Version: v2, Published online: 2010
Retrieved July 07, 2020, from https://www.rep.routledge.com/articles/thematic/vision/v-2
4. Computational models of vision: general approach
The predominant theoretical approach in cognitive psychology in recent years has been computationalism, which treats human cognitive processes, including perceptual processes, as a species of information processing (see Mind, computational theories of). Computational theories of vision attempt to specify the aspects of the external world that are represented by the visual system, and to characterize the operations that derive these representations from the information contained in the retinal image.
One of the most prominent early computational vision theorists was David Marr (1945–80), a researcher in the Artificial Intelligence Laboratory at the Massachusetts Institute of Technology. While the details of Marr’s specific computational model have been challenged by later theorists, his work is of continuing interest to philosophers and psychologists concerned with the foundations of the computational approach to vision. Accordingly, I will use Marr’s theory to highlight significant features of the computational approach.
Marr argued in his book Vision (1982) that an information-processing capacity can be analysed at three distinct levels of description. The ‘theory of the computation’ is a precise specification of the function computed by the mechanism, in other words, what the mechanism does. For example, the theory of the computation for a particular device may tell us that it adds numbers, or computes averages when given a list of numbers as input. The algorithm specifies the procedure or rule for computing the function, and the implementation level describes how the computation is carried out in neural or computer hardware. The first two levels in the hierarchy – the abstract characterization of the problem and the rule for its solution – exemplify a fundamental commitment of the computational approach: that cognitive processes can be understood in a way that is independent of the particular mechanisms that implement them in the brain.
Computational models treat the visual system as computing from the retinal image a representation of the three-dimensional structure of the distal scene.

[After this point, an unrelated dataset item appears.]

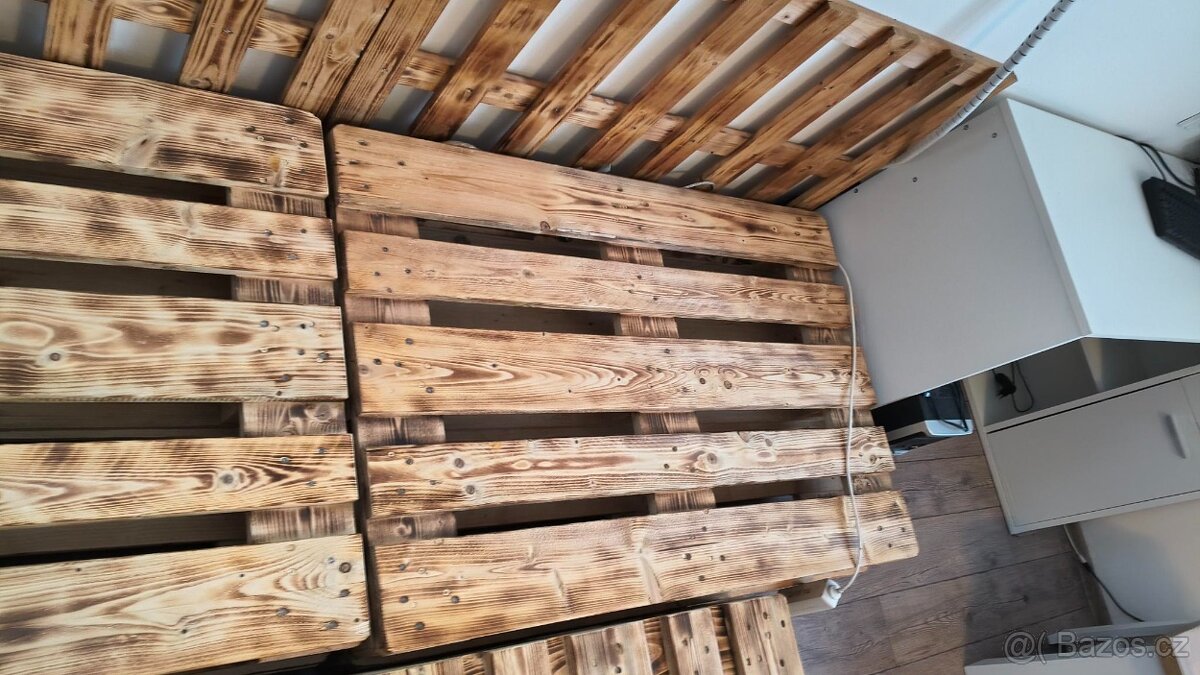 Prodám bytelnou paletovou postel EUR - 4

Marr’s theory divides this process into three distinct stages, positing at each stage the construction of a representation that makes explicit (some of) the information contained in the image and represents it in a way that is efficient for later use. Various computational processes, some running in parallel, are defined over these representations. The algorithmic level of description characterizes the procedures the visual system uses to produce increasingly useful representations of the scene.
Most of the processes that Marr describes are data driven, or ‘bottom up’ – they operate on information contained in the image, without supplementation by information or beliefs about specific objects and features in the scene. These processes use information about intensity changes across the visual field, or the orientation of surfaces, not such facts as that objects of a particular shape typically make good cutting implements. Marr advocated ‘squeezing every ounce of information out of the image’ before positing the influx of supplementary knowledge.
Data-driven models of perception have a number of advantages over hypothesis-driven models which appeal to high-level knowledge very early in visual processing. Data-driven processes are generally faster – the visual system does not have to retrieve the relevant piece of specialized knowledge before processing the information in the image – and tend to be more reliable. In Marr’s model, the point at which high-level information is available to the visual system marks a distinction between early and late vision. Early visual processes are said to be ‘cognitively impenetrable’ by the subject’s beliefs about the world (see Modularity of mind). As a consequence, they cannot be influenced by learning.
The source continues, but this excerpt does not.